ファイナンスの理論で純粋に理論的に金利について考えるとき、今日もらう100万円と1年たってからもらう100万円は、額面が同じでも価値が違うという面白い考え方をします。同じ100万円でも今日もらう100万円の方が価値が高く、1年後の方が安い、と考えます。

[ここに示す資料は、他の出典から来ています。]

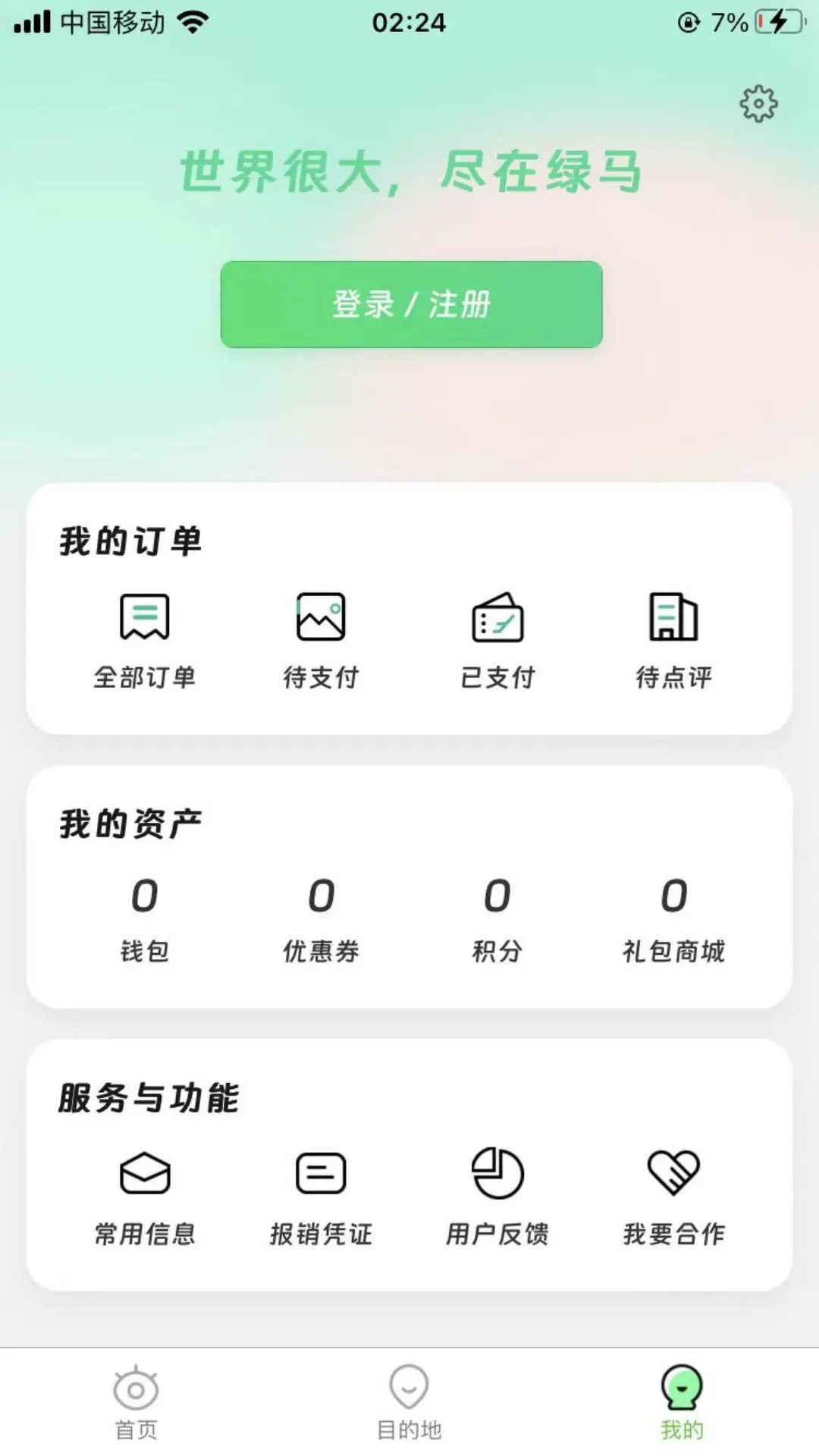 绿马出游图3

なぜそう考えるのか。ここのところの機微を、公認会計士の米井靖雄さんという方のサイトでたいへん分かりやすく説明していました。あなた自身が同じ100万円を今日もらえるのと、1年後にもらえるのと選べるとしたら、たぶんほとんどの人が今日すぐにもらえる方がいいと言うでしょう、ではそう考える理由はなにか。
理由には次のようなものが考えられます。
- 投資機会
- 損失リスク
今日すぐにもらえれば、わたしはそれを投資信託や銀行預金で運用して1年後にはもっと増やしている可能性があります。また、1年後にもらうことにして、それまでどこかに預けておけば、その間にネコババされたり、保管会社が倒産したりして約束どおり手に入らない可能性もあります。同じ現金でも現在と未来で価値が違う、というこの考え方を金銭の時間的価値といいます。

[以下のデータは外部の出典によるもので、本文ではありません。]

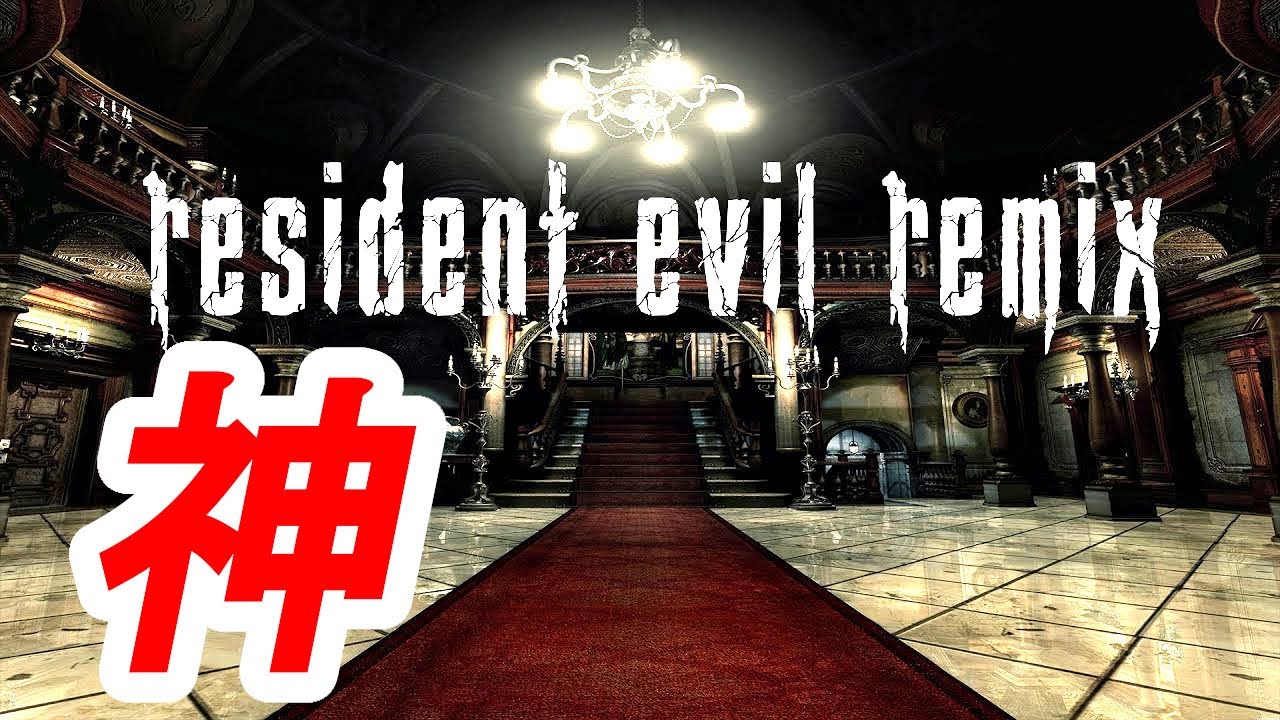 【改造バイオ4】バイオ1リメイクをバイオ4で再現したMODが史上最強のクオリティ【Resident Evil 4 RE:MIX MOD #1】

では、同じ100万円ならこんなふうに未来のものの方が安いとして、いくら割り増しだったら現在の同じ額の資金と釣り合うでしょうか?その差額を表現したものこそが金利に他ならない、というのがファイナンスの理論からみた金利のいちばん基本的な考え方です。現在の100万円は金利の利子率をかけて、適切に割り増しして膨らませたときに、はじめて現在の価値と釣り合います。つまり、金利というとなにかお金が増えてうれしいようですが、ほんとうは逆に単位あたりの価値が下がっていて、それを金利という詰め物で埋めているのです。

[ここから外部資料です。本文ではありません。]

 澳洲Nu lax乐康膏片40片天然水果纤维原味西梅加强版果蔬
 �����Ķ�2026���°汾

反対に、未来の100万円は、現在のいくらの額と釣り合うのかを考えると、それは未来の価値(将来価値)を金利の利子率で割り戻して額を減らした(単位あたりの価値をあげた)額になります。この計算をして、未来の価値を現時点でみた価値に直すことを割引計算といい、割引きの率を割引率といいます。
以上の内容から、「金利」と「割引率」は時間軸の逆の側からみた同じものであるといえます。
割引率の考え方は、個人や家計の資金計画でも知っておくと有用です。たとえば、今日の掛け金で未来の受給権を買う代表的な金融商品に年金がありますが、割引計算を考慮に入れずに額面の金額だけをみていると、(現在価値に揃えたときの)50万円分の受給権を100万円の投資額でわざわざ購入するといった判断ミスが容易に起こりうるからです。直接的に年金と銘打っていなくても、年金的な投資商品はたくさんあります。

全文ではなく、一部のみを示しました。